▸ **Required work**: Everything in the records below goes into the copy exactly, except the pictures.

▸ **Records for this task**:
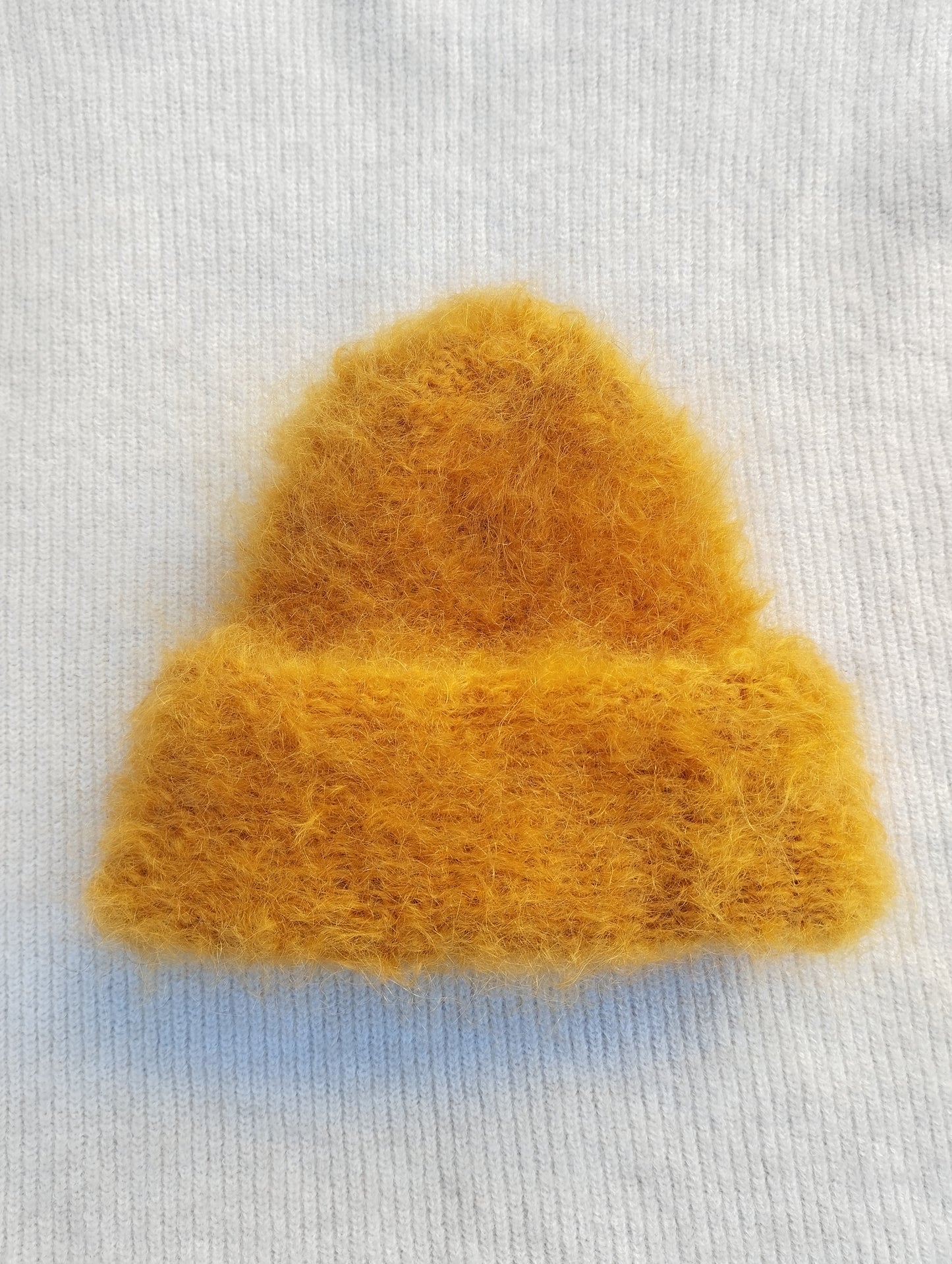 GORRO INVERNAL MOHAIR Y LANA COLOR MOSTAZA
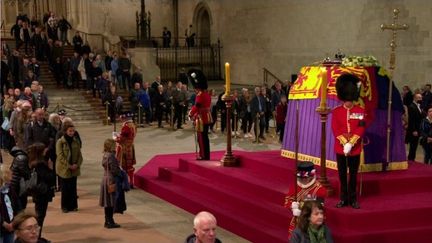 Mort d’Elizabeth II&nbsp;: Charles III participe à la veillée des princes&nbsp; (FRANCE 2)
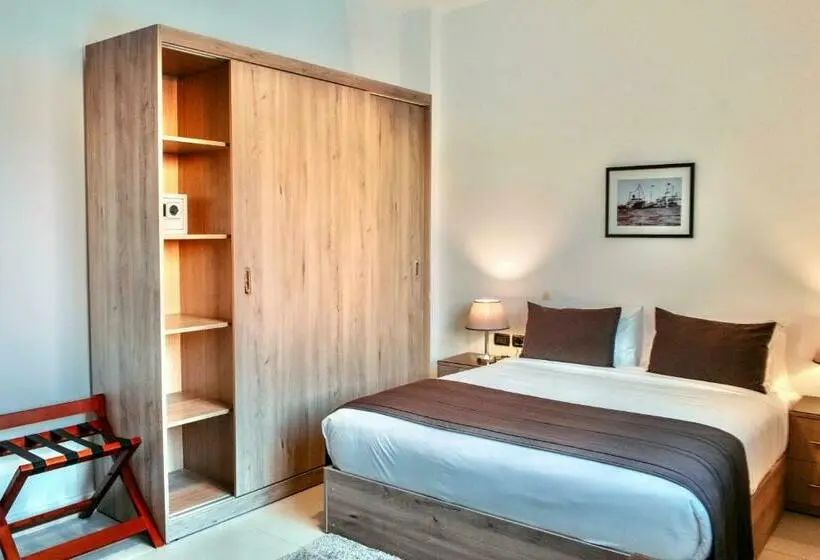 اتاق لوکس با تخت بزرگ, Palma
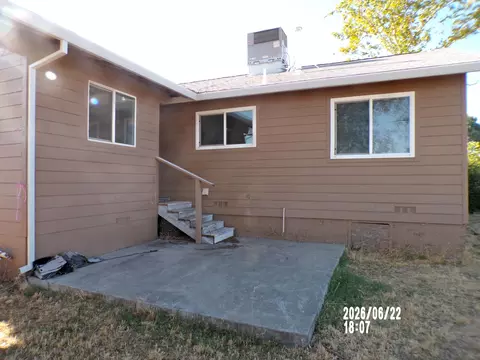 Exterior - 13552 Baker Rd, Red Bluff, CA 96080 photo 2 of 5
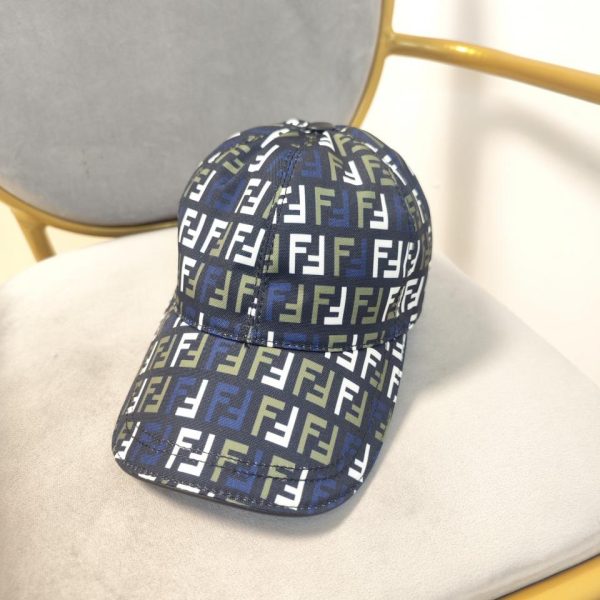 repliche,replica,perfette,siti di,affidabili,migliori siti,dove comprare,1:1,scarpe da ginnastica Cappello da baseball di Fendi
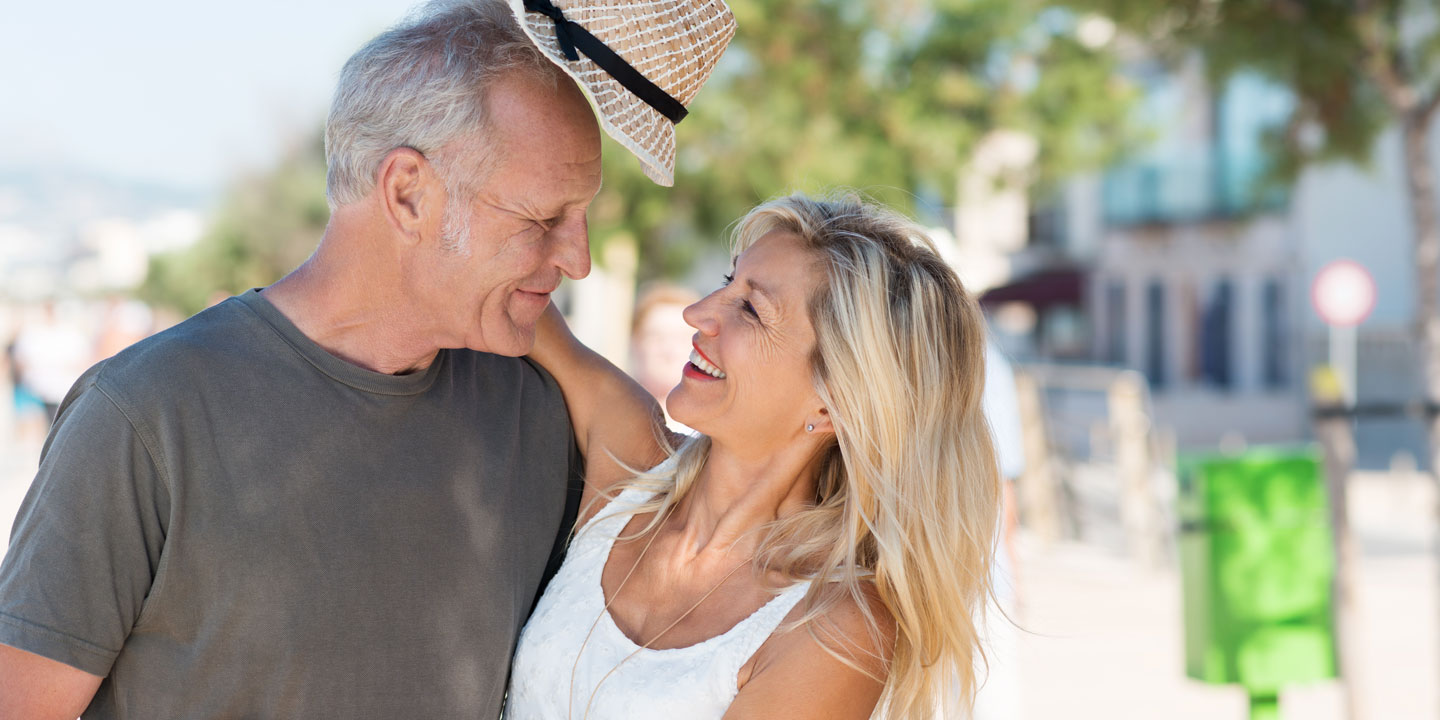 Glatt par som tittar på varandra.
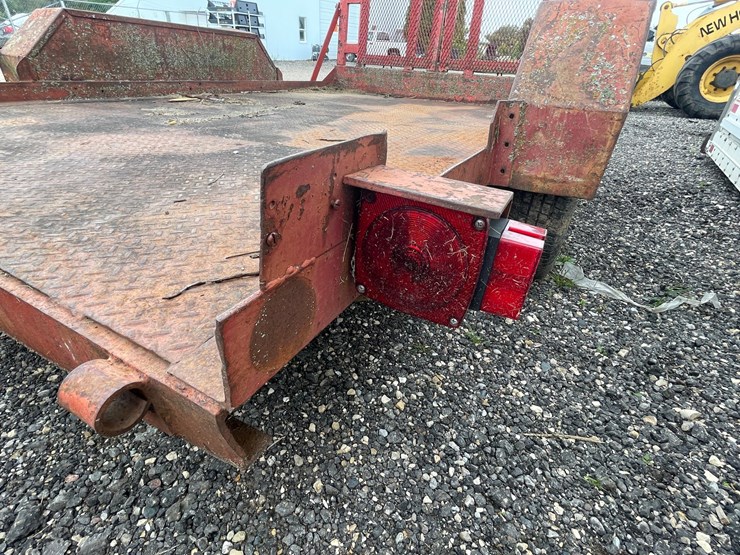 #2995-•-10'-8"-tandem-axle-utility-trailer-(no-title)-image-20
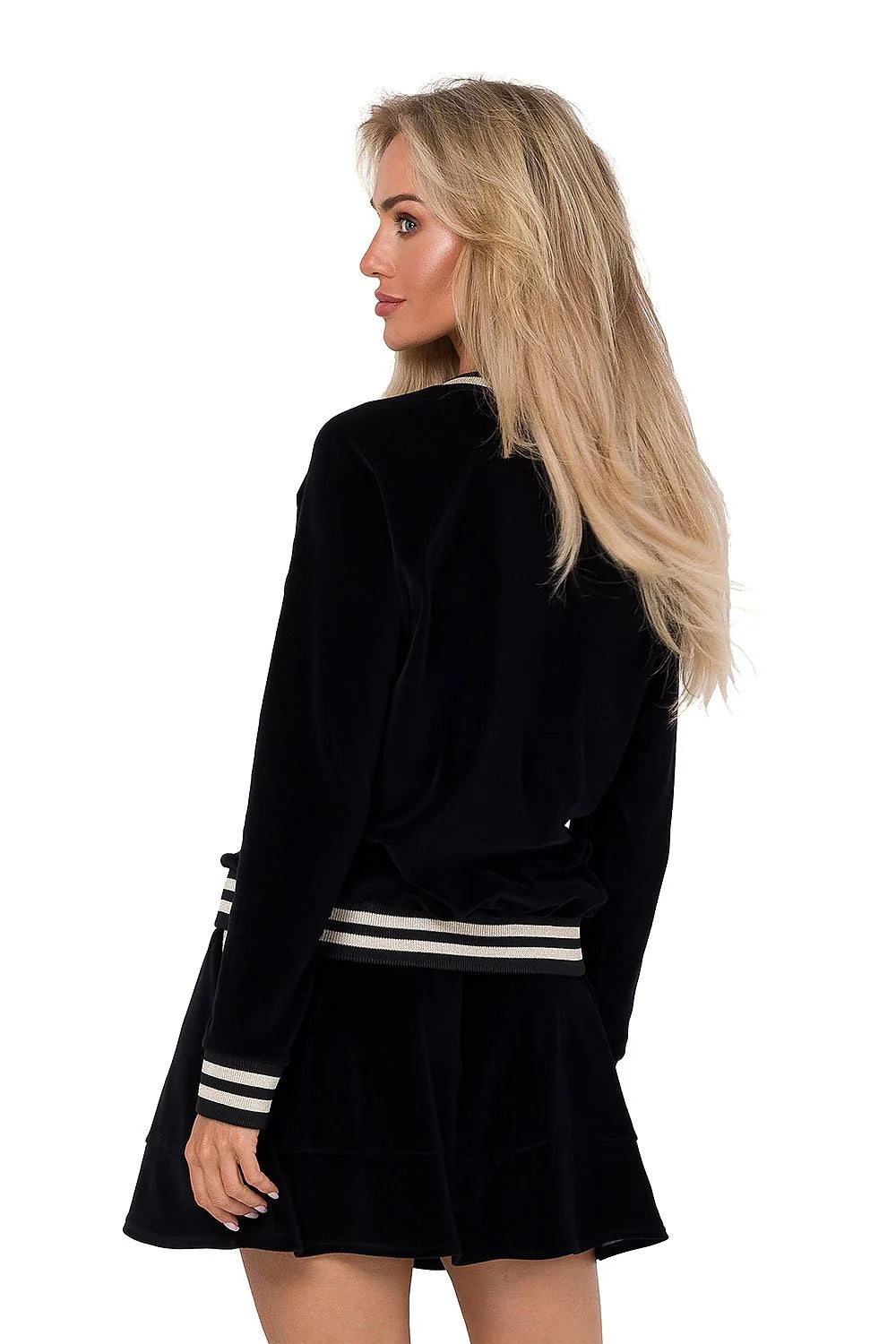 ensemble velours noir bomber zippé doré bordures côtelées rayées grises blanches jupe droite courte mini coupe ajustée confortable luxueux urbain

▸ **Written solution**:
 GORRO INVERNAL MOHAIR Y LANA COLOR MOSTAZA
 Mort d’Elizabeth II&nbsp;: Charles III participe à la veillée des princes&nbsp; (FRANCE 2)
 اتاق لوکس با تخت بزرگ, Palma
 Exterior - 13552 Baker Rd, Red Bluff, CA 96080 photo 2 of 5
 repliche,replica,perfette,siti di,affidabili,migliori siti,dove comprare,1:1,scarpe da ginnastica Cappello da baseball di Fendi
 Glatt par som tittar på varandra.
 #2995-•-10'-8"-tandem-axle-utility-trailer-(no-title)-image-20
 ensemble velours noir bomber zippé doré bordures côtelées rayées grises blanches jupe droite courte mini coupe ajustée confortable luxueux urbain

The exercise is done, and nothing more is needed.